───── Recorded information ─────

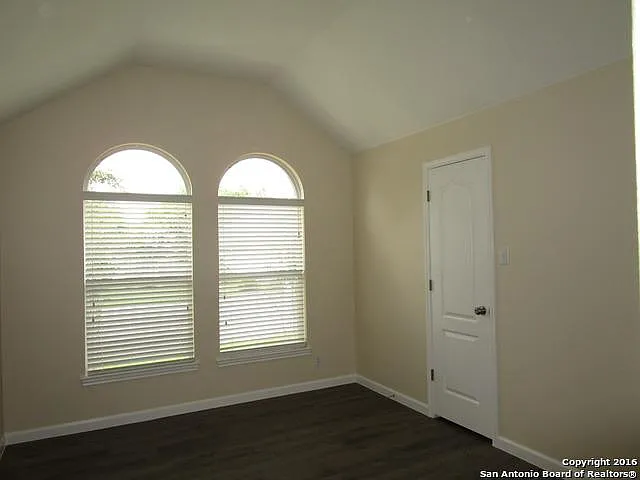 4 bed, 2200 sqft, $2,100 — Photo 3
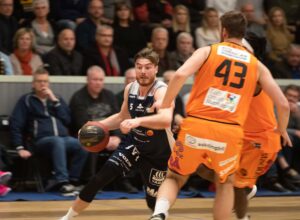 Il giocatore svedese impegnato con la maglia di Koping Stars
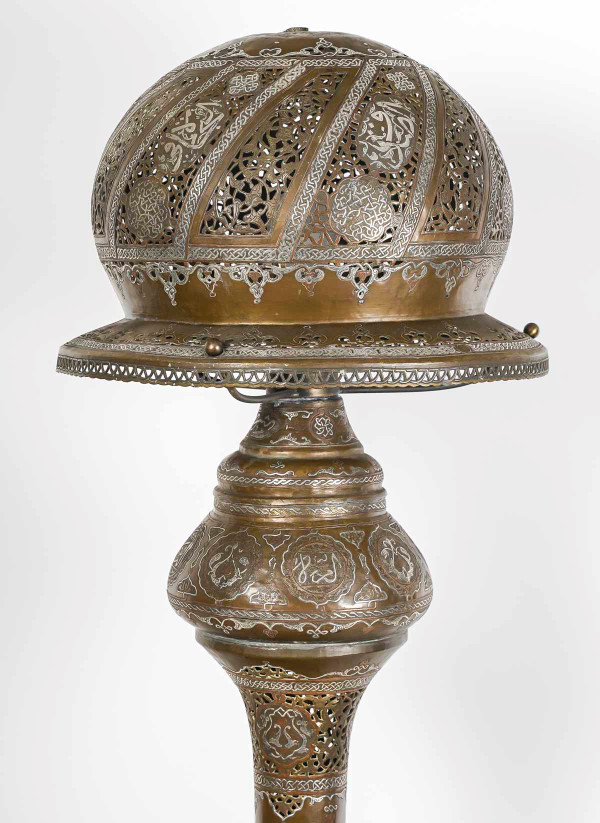 Syrian Floor Lamp In Openwork Metal Late 19th Century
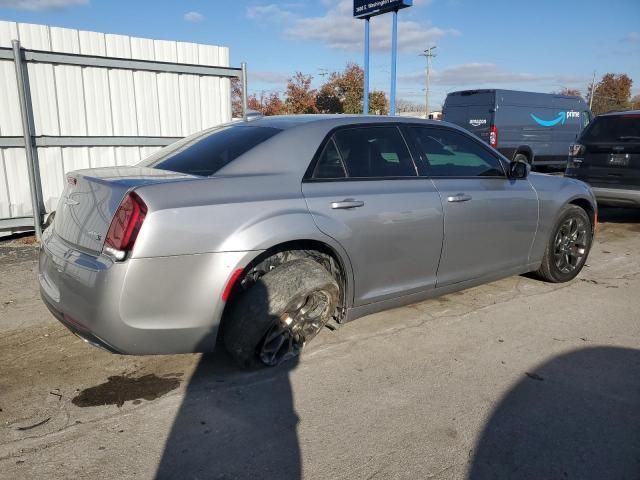 2016 Chrysler 300 S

─────

_Exercise prompt:_ Could you set down the material above word for word while dropping its pictures?

_Solved exercise:_
 4 bed, 2200 sqft, $2,100 — Photo 3
 Il giocatore svedese impegnato con la maglia di Koping Stars
 Syrian Floor Lamp In Openwork Metal Late 19th Century
 2016 Chrysler 300 S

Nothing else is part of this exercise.